**Data records**
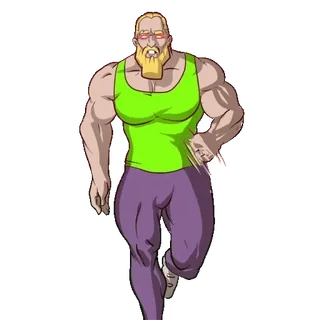 🏃‍♂️ ccbef1fd man, muscular, fitness, gym, cartoon, character, running telegram sticker
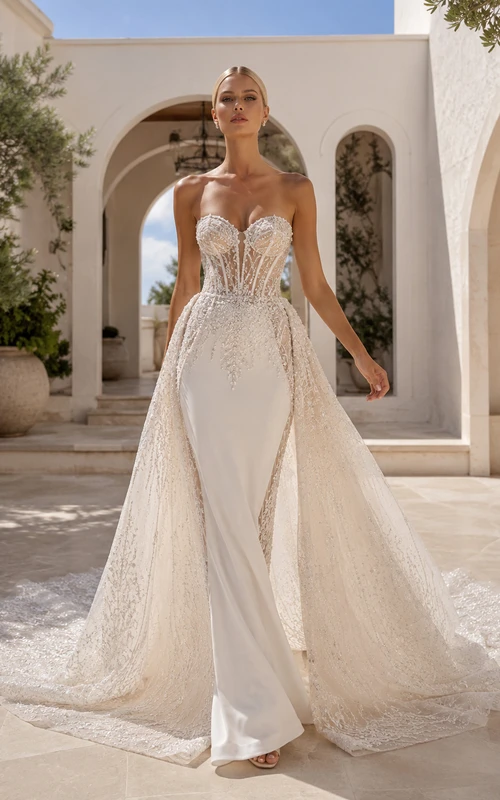 Robe de mariée champêtre élégante en dentelle et tulle, bustier cœur, coupe trapèze, traîne chapelle, ornée d'appliqués floraux
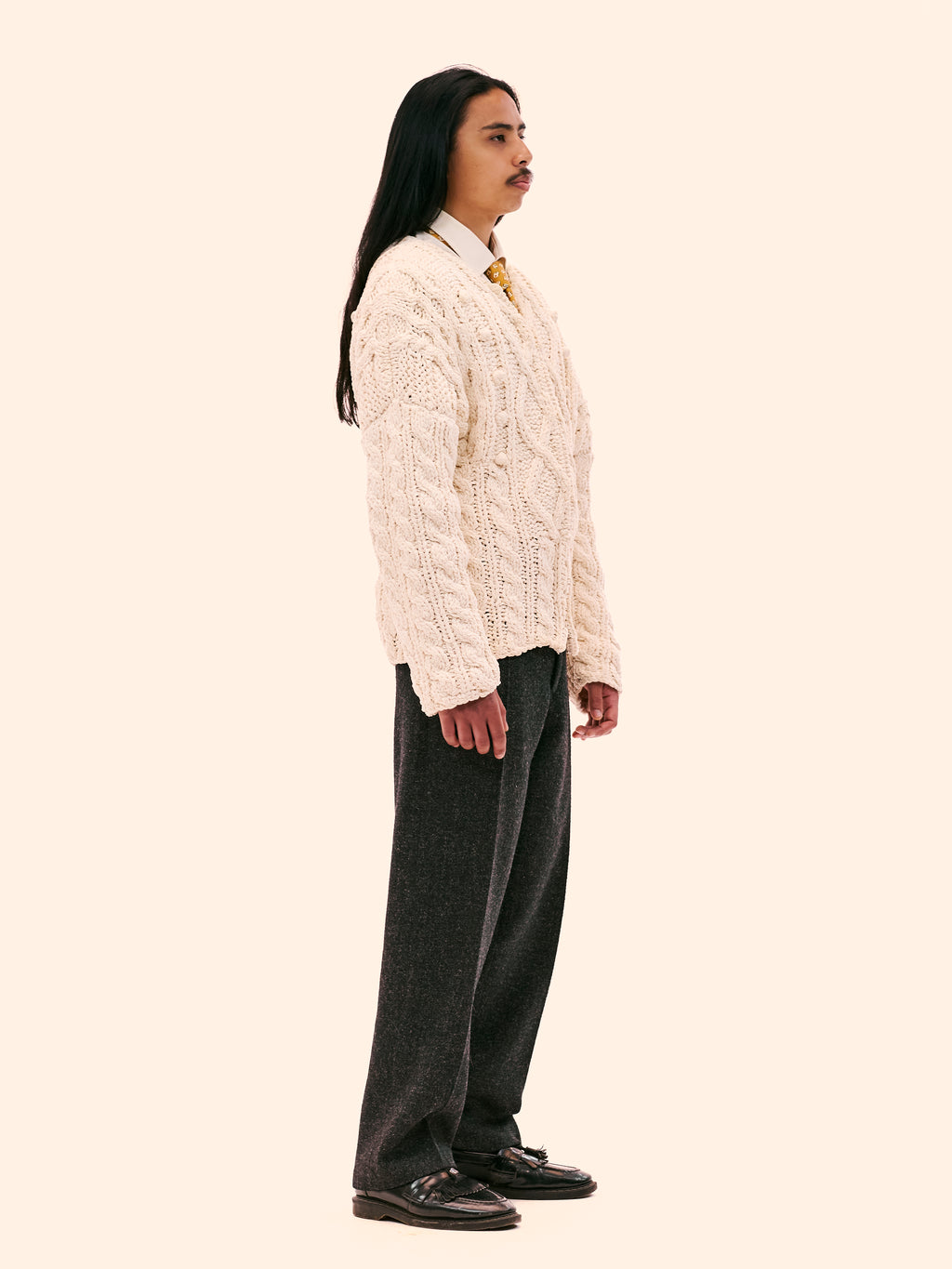 AW85-86 JEAN PAUL GAULTIER KNITTED CHENILLE CARDIGAN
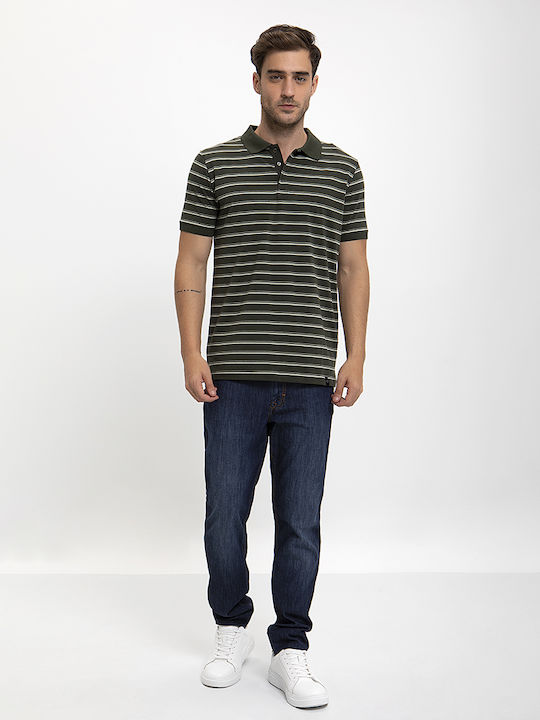 Striped Polo Shirt Commander Khaki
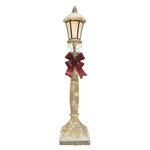 6' Warm White Led Gold Christmas Lamp Post W/ Red Bow Outdoor Yard Holiday Decor. Fixed Price $228.00.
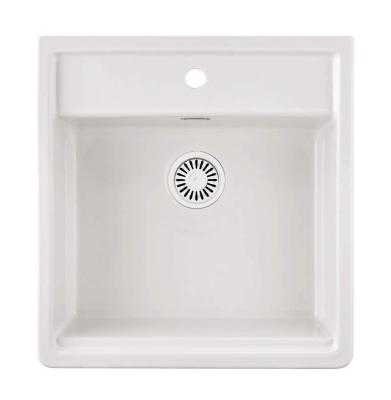 Ausmann Ceramic Panor Shade Ceramic White Butler Sink - Undermount and Drop-in 630 x 597 mm with tap hole bank and White plug 1208970556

**TASK DETAILS**
Set down the entries shown above once more, exactly as they read, but without pictures.

**OUTPUT OF THE TASK**
 🏃‍♂️ ccbef1fd man, muscular, fitness, gym, cartoon, character, running telegram sticker
 Robe de mariée champêtre élégante en dentelle et tulle, bustier cœur, coupe trapèze, traîne chapelle, ornée d'appliqués floraux
 AW85-86 JEAN PAUL GAULTIER KNITTED CHENILLE CARDIGAN
 Striped Polo Shirt Commander Khaki
 6' Warm White Led Gold Christmas Lamp Post W/ Red Bow Outdoor Yard Holiday Decor. Fixed Price $228.00.
 Ausmann Ceramic Panor Shade Ceramic White Butler Sink - Undermount and Drop-in 630 x 597 mm with tap hole bank and White plug 1208970556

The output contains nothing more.